I really wanted to like this little documentary about Disney movies and masculinity, because it’s absolutely true that Disney movie men (unless they’re lions) are generally as stereotypical as Disney movie ladies:
But I think this documentary’s substantially off in its discussion of the messages male watchers get about female objectification, especially from the second Golden Age on. Beauty and the Beast makes incredibly clear that Gaston’s fixation on Belle is gross, has nothing to do with her inner person, and presents in a way that’s predatory. Beast, by contrast, gives Belle a library, hangs out with her, saves her from wolves, and has snowball fights with her. By the end of the movie, there is precisely zero doubt that Gaston as a person, and Gaston’s way of picking out a wife is disgusting and undesirable, and not to be emulated unless you want to get tossed off a roof.
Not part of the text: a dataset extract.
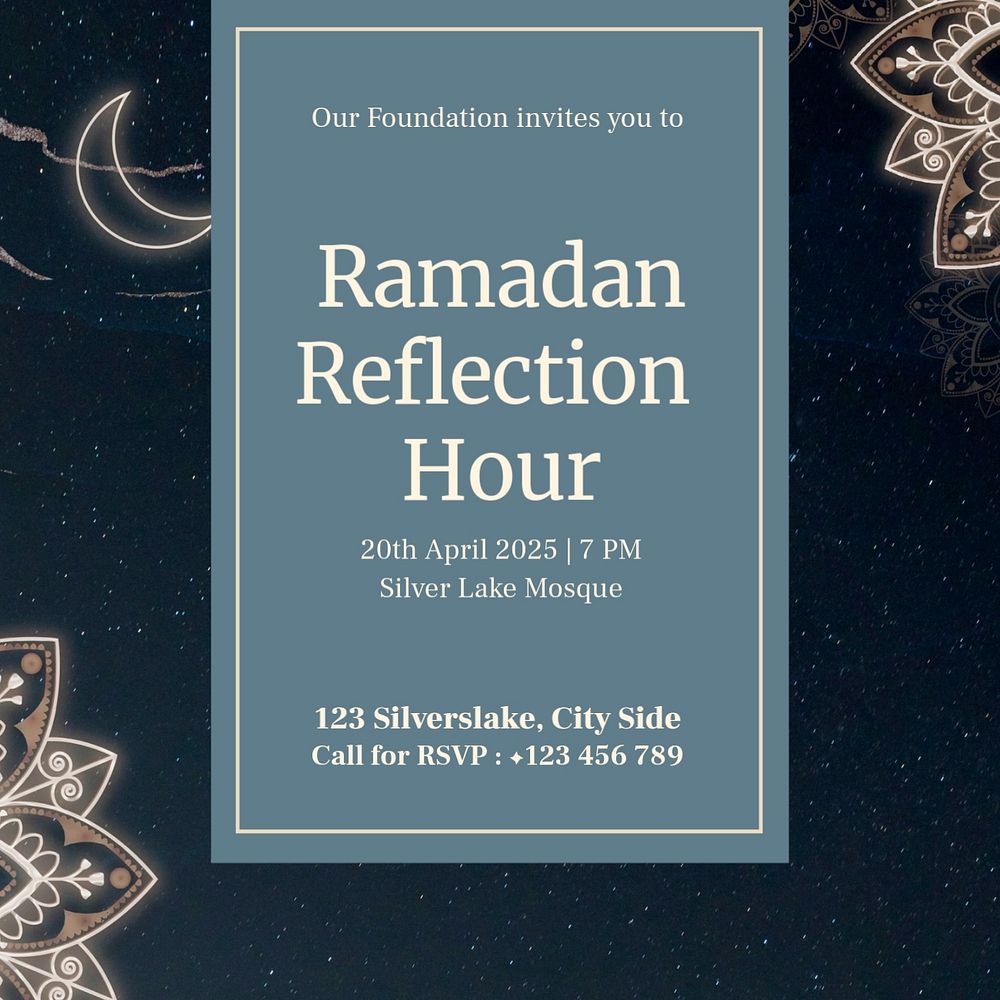 Ramadan reflection hour post template, editable social media design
Mulan is much subtler, but has essentially the same message. The wife-finding methodology of “A Girl Worth Fighting For” is essentially dismissed in favor of a norm where men and women work together, get to like each other as people, and then give the whole romance thing a shot. And, of course, the whole point of the “I’ll Make a Man Out of You” number the documentary cites is that the traits it describes aren’t actually specific to men — and that you can exhibit strength whether you’re rocking armor or a dress:
Now, it’s absolutely true that Disney movie characters tend to have essentially identical body types (again, unless they’re non-human, or aging superhero Bob Parr in The Incredibles) and to end in fights, which is basically a prerequisite for adventure movies. And while there are clever parodies of hypermasculine ideals, like the Toy Story movies, which emphasize collaboration and equal participation by the genders, robots, and adorable rubber aliens, it’s true that Disney movies don’t have an exceptionally wide aperture on masculinity. That’s not an uncommon problem, and at least Disney doesn’t insist that for women to do better, men have to lose out, as Bill Bennett does in a Fox News column this week. But the studio’s done a nice job of broadening the spectrum of emotions they include within their standard adventure stories. They could consider broadening the kinds of stories they tell — and as a result, the kinds of characters, men and women alike, they include in them — too.